Consumers are beginning to demand an environmentally-sustainable lobster industry. (Julia Cook/CBC)

Maine's lobster industry is expected to have some advantage over the Maritime's this coming season with its new environmentally-sustainable certification.

The Maine lobster industry was recently awarded Marine Stewardship Council certification. Jeff Malloy, president of the P.E.I. Seafood Processors Association, said this stamp of sustainability is becoming increasingly important to buyers in the US and Europe.

"I don't think it will take a huge bite," said Malloy.

"In the short-term, I mean, it won't affect our canner products at all because there are no canners in Maine. It will certainly have an effect somewhat on customers looking for meat and tails. But we're hoping that the effects of that are not great at this point."

The P.E.I. industry began the process of MSC certification several years ago, but put it on hold for a while. Malloy said his group is not second guessing that decision now that the Maine industry has become one of the first in the northeast to get it.

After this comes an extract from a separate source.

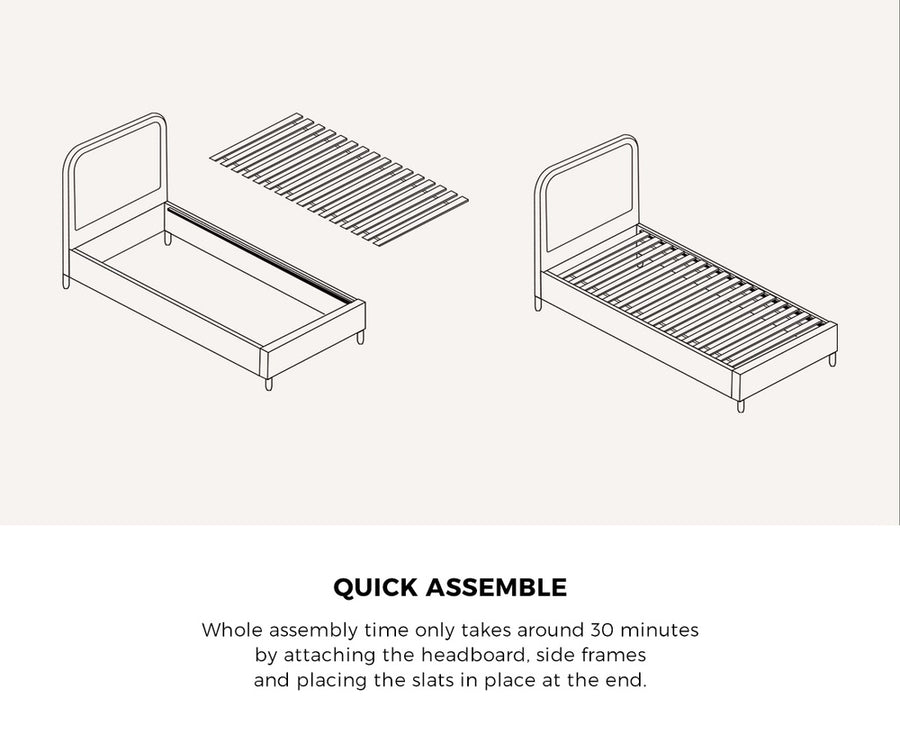 Oikiture Bed Frame Single Size Fabric Grey BOB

"No one likes to fall behind," he said.

"But you have to understand there's plenty of other certification bodies out there. Some of them better than others. You know, a lot of the different fisheries were taking a look to see which one was going to come out more or less on top. The MSC isn't a perfect one either. But I guess right now it's the best out there and the most recognizable so it's the one that most people are going with."

Malloy said any advantage the Maine industry gains should evaporate when other regions get their certification. Most of the Maritimes is expecting certification in the next 14 to 16 months.

Malloy said the high cost of MSC certification is one reason P.E.I. delayed. It can cost up to $250,000.